_TASK DETAILS_
Set down exactly the lines from the one containing "SketchUp-Logo.png" to the final line of the records below, with every picture omitted.

_RECORD SET_
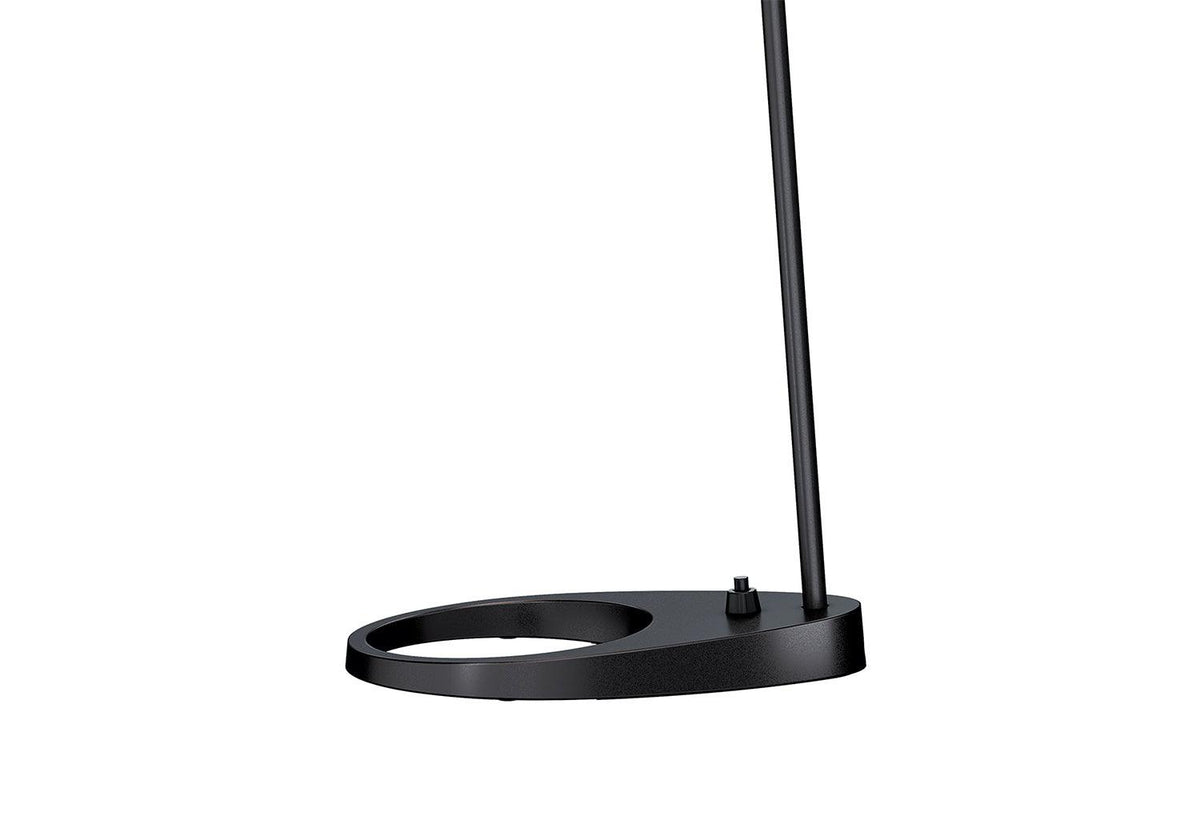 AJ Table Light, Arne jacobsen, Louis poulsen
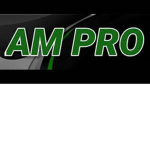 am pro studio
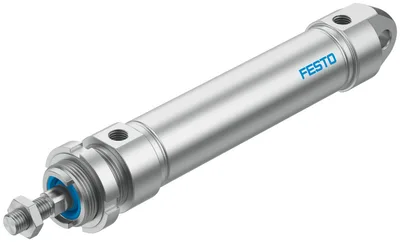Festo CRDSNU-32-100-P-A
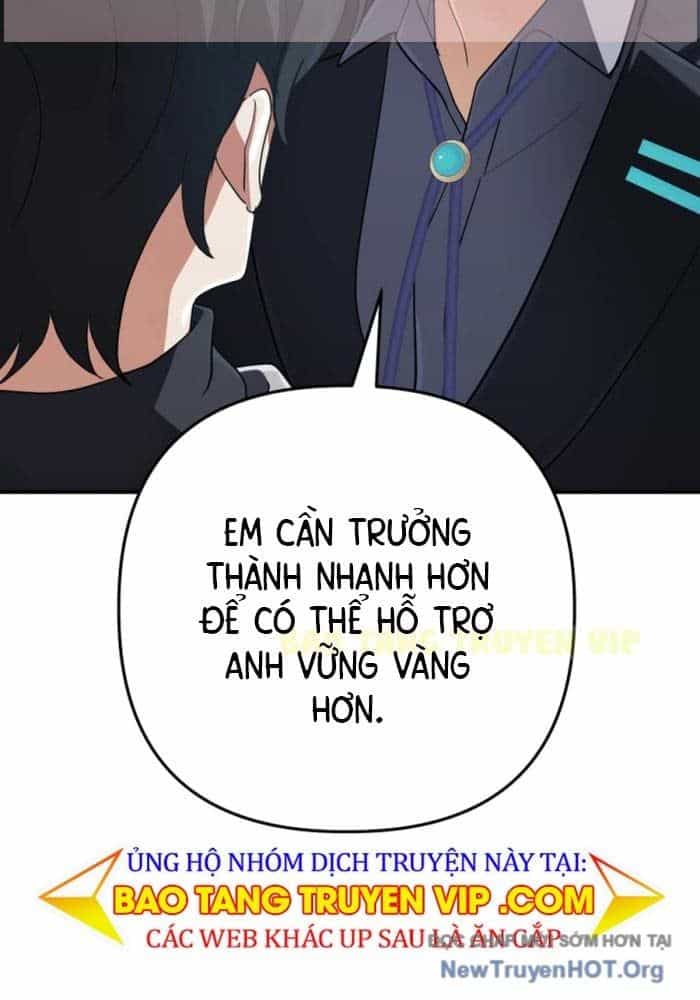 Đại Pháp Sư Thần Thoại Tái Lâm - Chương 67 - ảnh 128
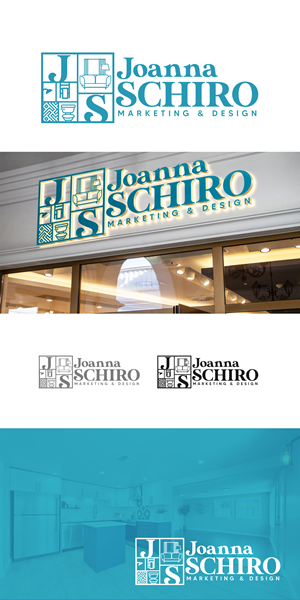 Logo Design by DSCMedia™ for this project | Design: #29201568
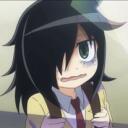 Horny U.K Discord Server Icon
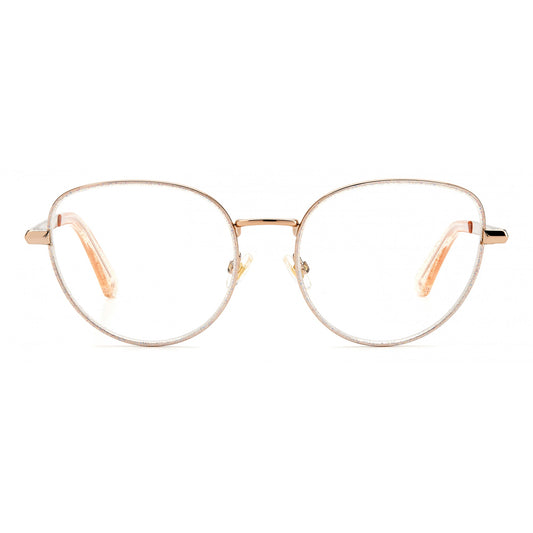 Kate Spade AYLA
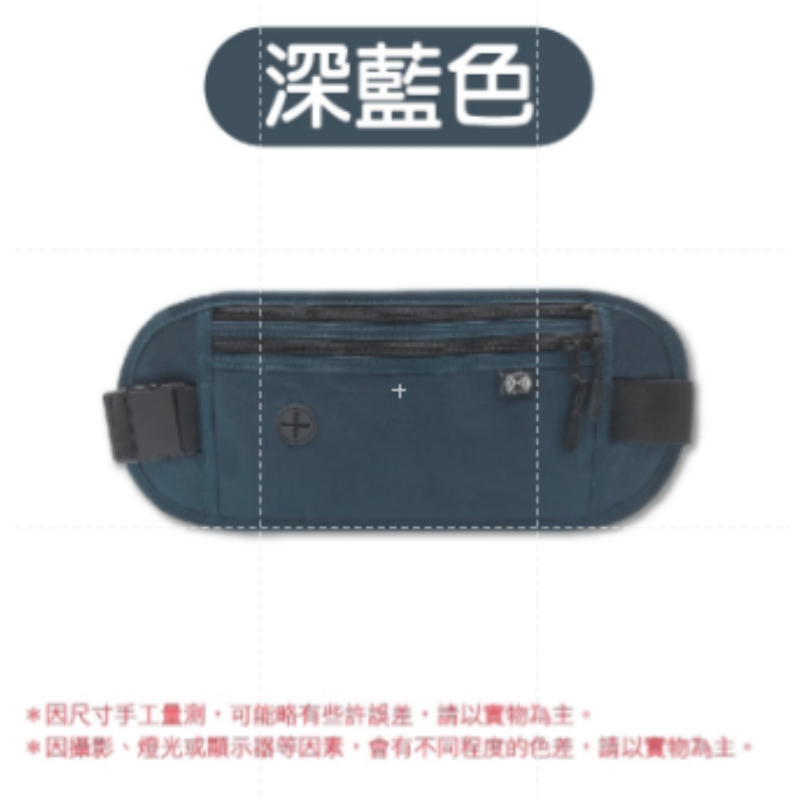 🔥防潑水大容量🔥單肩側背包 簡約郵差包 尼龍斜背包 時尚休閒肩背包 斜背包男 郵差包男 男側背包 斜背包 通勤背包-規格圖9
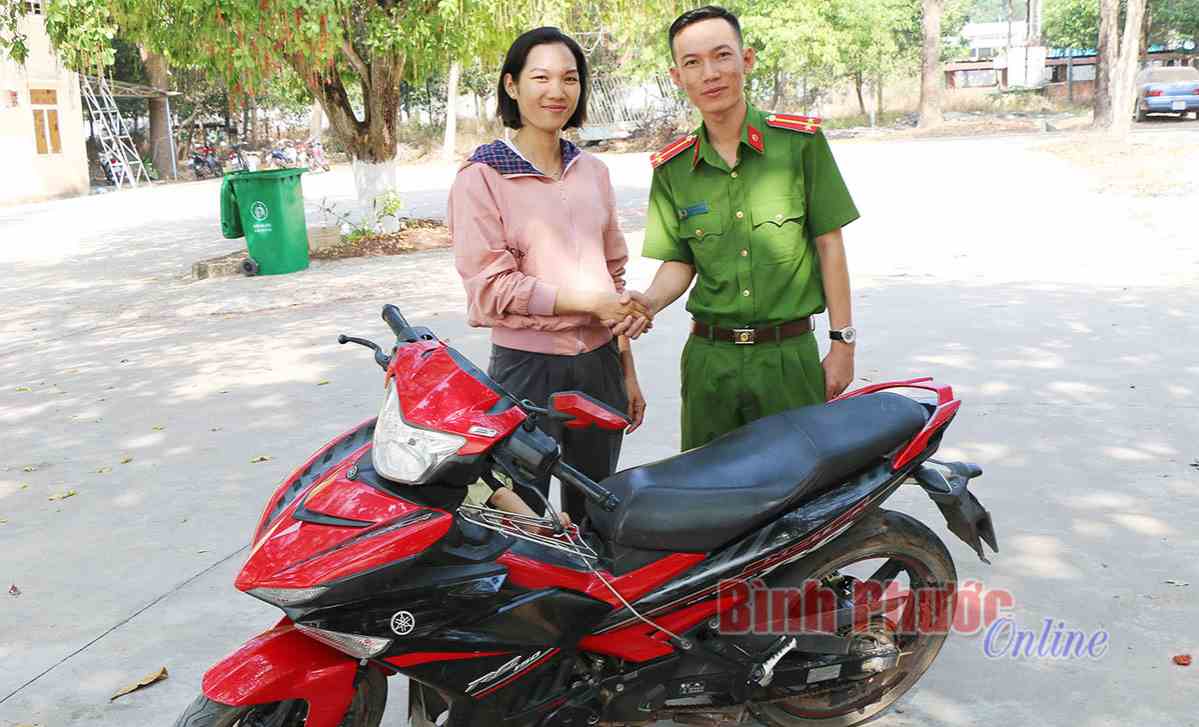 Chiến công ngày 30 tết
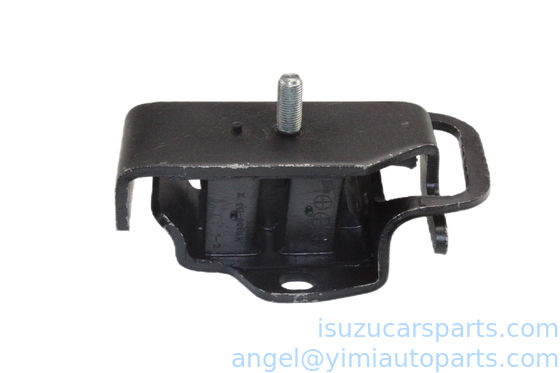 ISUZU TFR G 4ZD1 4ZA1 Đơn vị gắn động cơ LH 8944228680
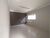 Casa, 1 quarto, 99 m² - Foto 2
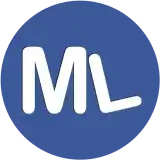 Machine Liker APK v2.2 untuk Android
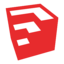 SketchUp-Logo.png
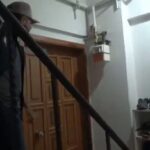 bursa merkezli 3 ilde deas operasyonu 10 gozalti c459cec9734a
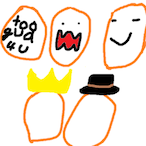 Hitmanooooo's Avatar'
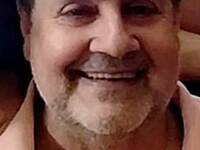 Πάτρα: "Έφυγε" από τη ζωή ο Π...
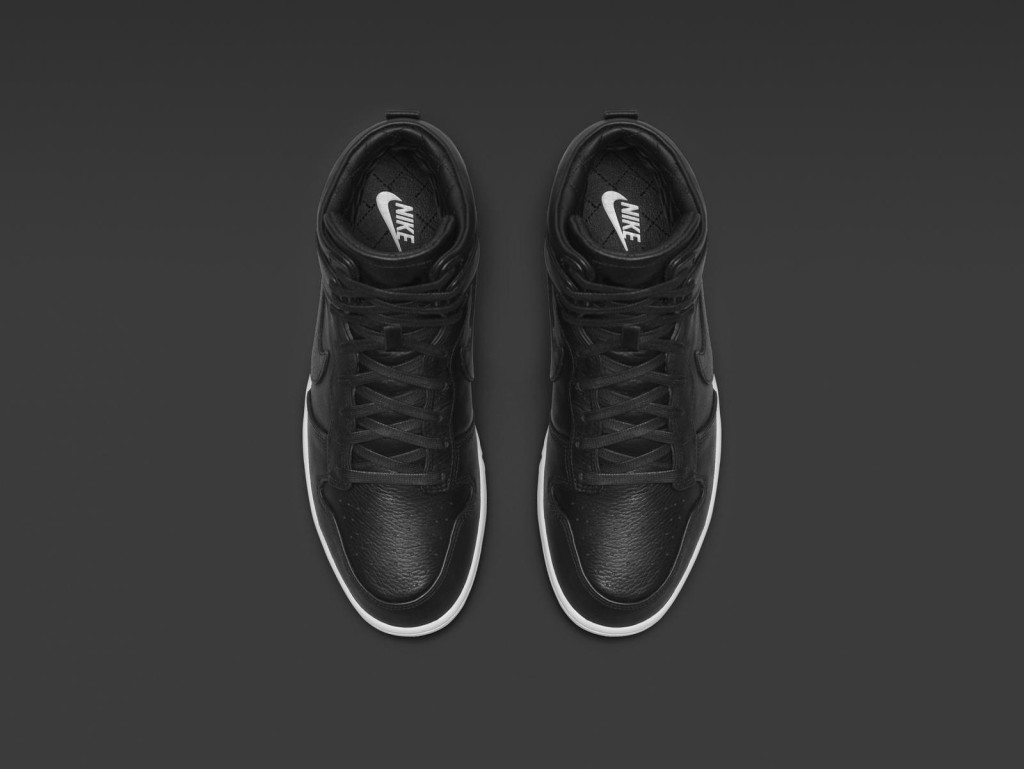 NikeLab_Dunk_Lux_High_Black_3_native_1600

_ANSWER AREA_
 SketchUp-Logo.png
 bursa merkezli 3 ilde deas operasyonu 10 gozalti c459cec9734a
 Hitmanooooo's Avatar'
 Πάτρα: "Έφυγε" από τη ζωή ο Π...
 NikeLab_Dunk_Lux_High_Black_3_native_1600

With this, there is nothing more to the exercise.